Print shows a blacksmith sitting on a stool next to the throne of Solomon, thought to be a usurper. The crowd rushes forward to remove him, but the man explains to Solomon that the temple could not have been built without tools made by blacksmiths. Solomon grants him a seat of honor.
Photo courtesy of the Library of Congress
Yea, though members of the City Council walk through the valley of the shadow of Beauregard, they seem to fear no evil.
West End resident Jack Sullivan thinks that’s a problem. So he arrived at a recent public hearing with the Old Testament reading for the morning: Proverbs 22:16. “One who oppresses the poor to increase his wealth and one who gives gifts to the rich, both come to poverty.” At issue is the Beauregard small-area plan, which critics say will displace 10,000 low-income residents in favor of benefiting wealthy landowners who stand to gain millions in the process.

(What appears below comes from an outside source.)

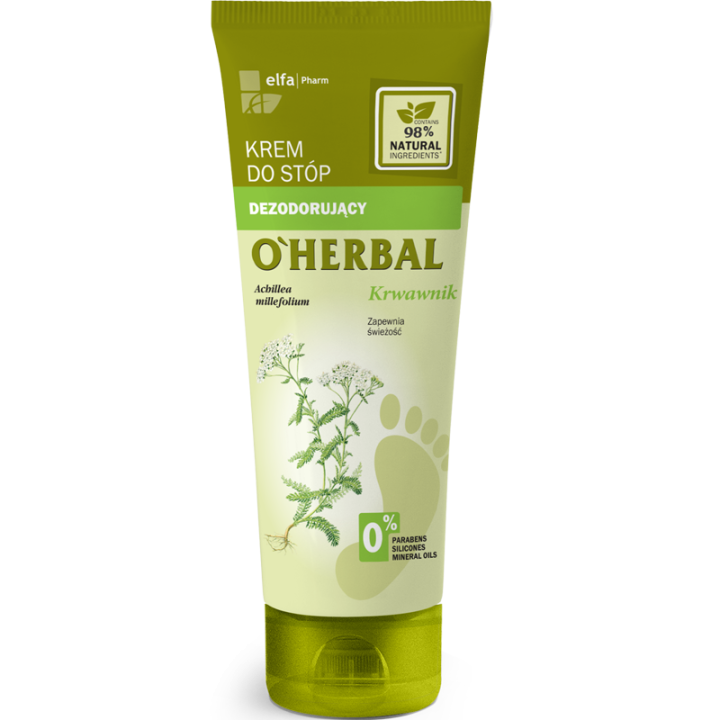 O'HERBAL DEZODORUJĄCY KREM DO STÓP Z EKSTRAKTEM Z KRWAWNIKA 75ML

“Face it,” Sullivan told council members. “What this plan does is harm the poor and give to the rich.”
Opponents of the small-area plan now under consideration have been critical of the affordable housing part of the plan, which does not make units available until after 2020. They’ve also raised questions as to how the financing would work because they’re skeptical that the funds will be available. Sullivan said that the low-income residents are being targeted for displacement specifically because they are tenants rather than owners, who tend to have more cache in city politics.
“Scripture promises affliction and loss to those who harm the less fortunate in helping the rich,” Sullivan preached. “Who knows what may befall us in Alexandria if we take this drastic step?”